More shoppers take advantage of incentive programs

CHICAGO — Consumers today are a lot less skittish about rising gas prices than they were in 2008, Nielsen reported.

“Unlike 2008, when the average price for regular gas jumped above $4 a gallon, today’s improving job market and strengthening economy are helping consumers cope better than during this recent economic downturn,” wrote Todd Hale, SVP consumer and shopper insights for Nielsen, in a report released Thursday.

Trip compression, however, continues to dominate as a key strategy for 67% of households looking to save on high gas prices. And while this level is down from 2008 levels (78%), it is up four percentage points from last year. Additionally, nearly half of consumers (46%) will continue to seek lower-priced gas stations and eat out less (45%), and more than one-third (36%) said they will shop closer to home to offset high prices at the pump. Coupon clipping also is part of the gas-price offset strategy for 36% of households in 2011 — up four percentage points from 2008.
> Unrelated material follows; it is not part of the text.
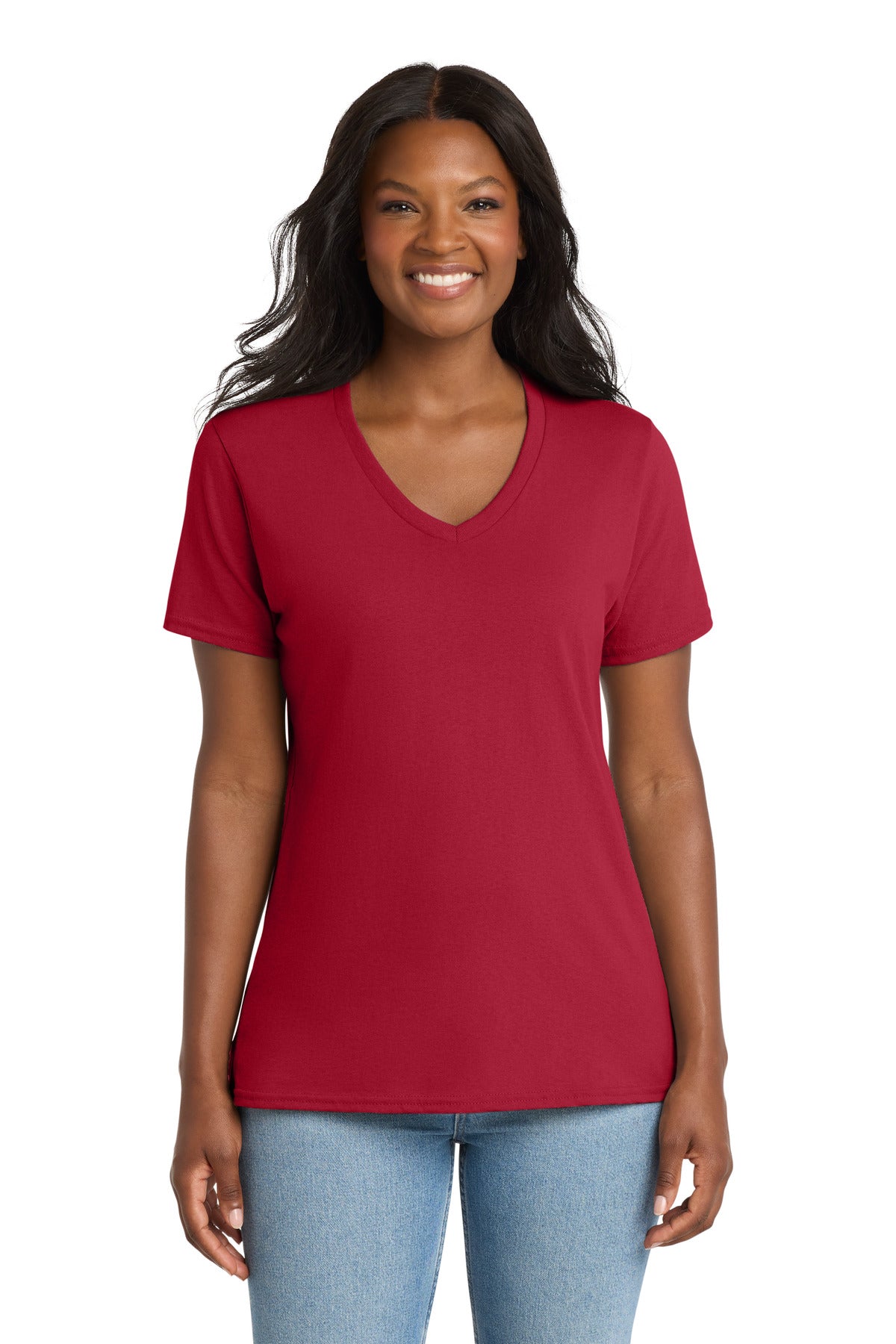 Port & Co® Women's Core Cotton V-Neck Tee. LPC54V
Also in decline were saving strategies consumers deploy to lower costs: 21% said they are shopping more at supercenters, which is down eight and five percentage points from 2008 and 2010, respectively. Currently, 12% said they are buying larger economy sizes — down four percentage points, compared with 2008 and 2010 — while 10% said they are shopping at warehouse clubs — down three percentage points from 2008 and 2010.
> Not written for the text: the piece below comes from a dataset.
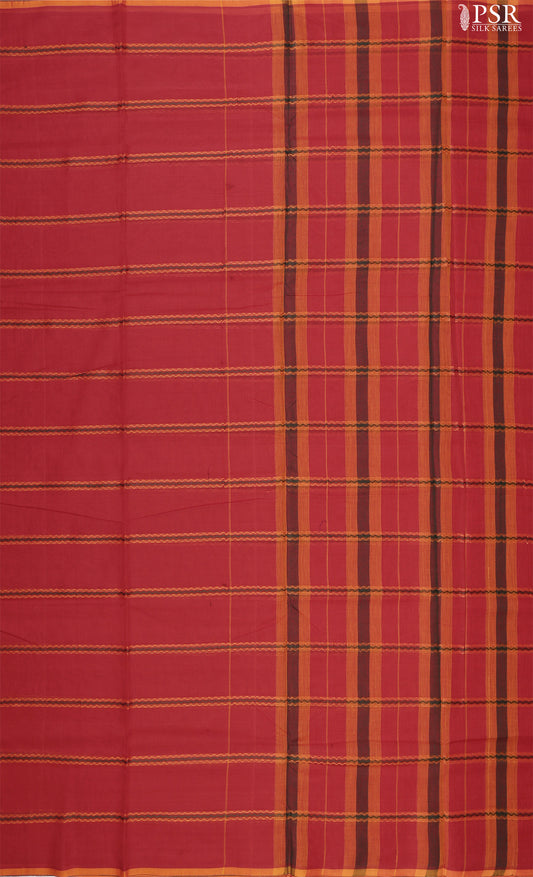 Red Dharwad Cotton Saree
More savvy shoppers are taking advantage of incentive programs linked to grocery spending to buy gas; 28% of consumers said they are using their grocery shopper loyalty cards to save up to 10, 20 and 30 cents on a gallon of gas by redeeming points at participating gas stations. This savings not only is helping to take the pain out of the pump for consumers, but it also is helping to drive traffic for retailers.